Now the why, what's next, when. After a short staycation I'll be joining the Google Maps team with some former Android coworkers. As for the why, that's difficult and convoluted.

Leaving Android was the hardest work decision I've ever made. It wasn't like leaving Boeing or moving between any other team I've been on at Google. It was a gut-wrenching decision that I was way more emotionally tangled with. For a long time, I had the nagging feeling that my time had come--some confluence of things changed to the point that my work didn't feel right. But I perservered, didn't want to give up, was stressed, and burned out.

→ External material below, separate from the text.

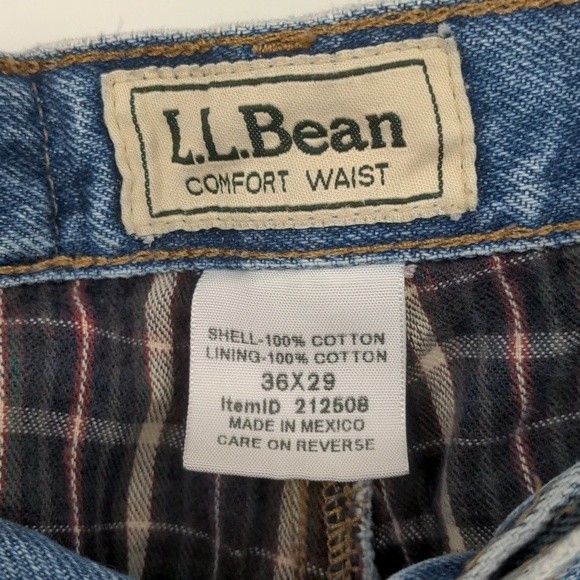 L.L. Bean Men's Comfort Waist Medium Wash Lined Straight Leg Jean Size 36 x 29 - Picture 11 of 15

I finally talked to others for support, both men and women, tech and non-tech, younger and older, and up to the exec level. I'm amazed at how common burnout and this ordeal is, and how little's actually written and spoken about it. Society acknowledges when you go through a relationship breakup or mourn for someone deceased: others expect you to go through phases and you know what to expect. Burnout and job change isn't much different in terms of stress level and phases of recovery, but it's talked about much less. Trust me, even after talking with a dozen people, writing it all out is still extremely difficult.

I absolutely enjoyed Android and don't mean to diminish anything. I'm writing to let others know it's normal and convoluted; it isn't black-and-white whether you fit the project or the project fits you; your other relationships, life events, and timing of the universe all have a part.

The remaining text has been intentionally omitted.